== Segment start ==

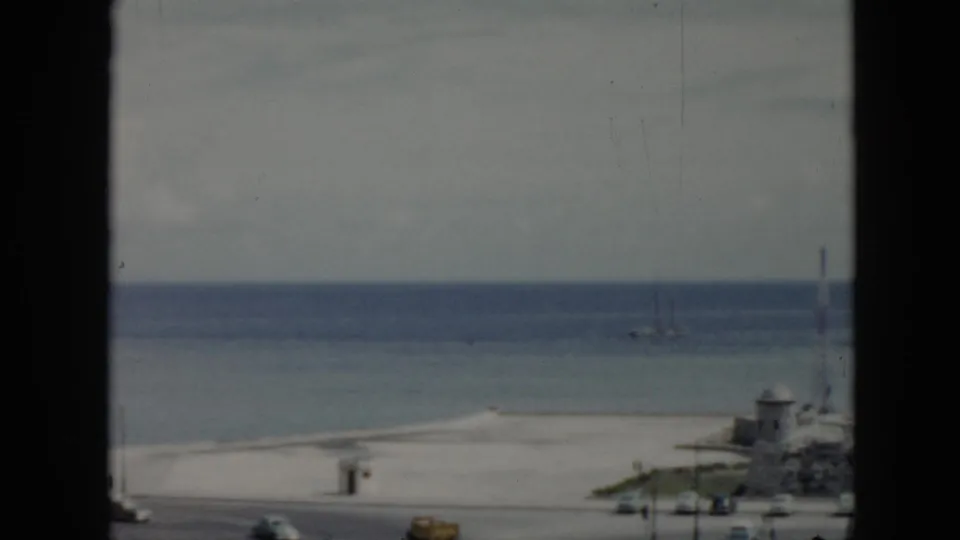 1956 Cuba 8mm frame of a quiet beach and ocean beyond a road, divided by a dark window frame with sailboats in the distance.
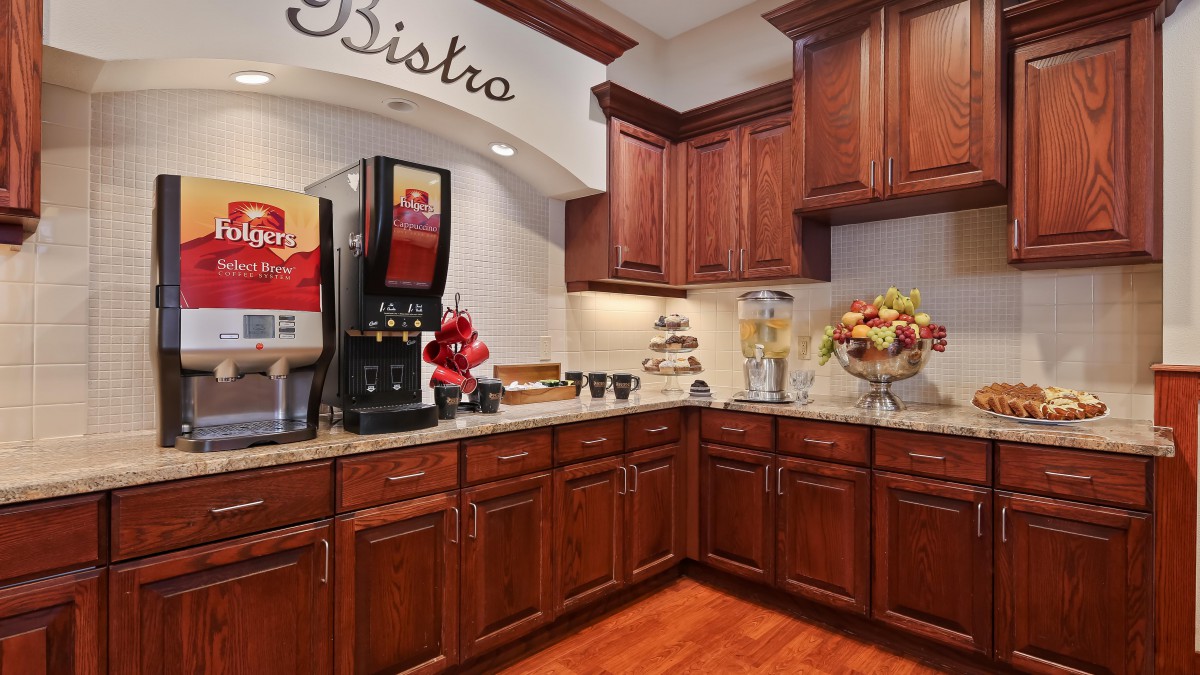 A cozy bistro kitchen corner with a coffee machine and wooden cabinets.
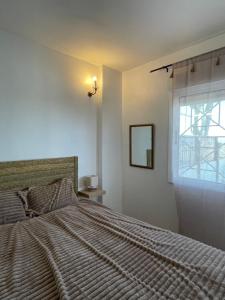 a bedroom with a large bed and a window at Casa Cabo Palos in Cabo de Palos +50 photos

== Segment end ==

| What you will do |
Copy the listing over exactly, skipping the pictures it holds.

| Solution for this problem |
 1956 Cuba 8mm frame of a quiet beach and ocean beyond a road, divided by a dark window frame with sailboats in the distance.
 A cozy bistro kitchen corner with a coffee machine and wooden cabinets.
 a bedroom with a large bed and a window at Casa Cabo Palos in Cabo de Palos +50 photos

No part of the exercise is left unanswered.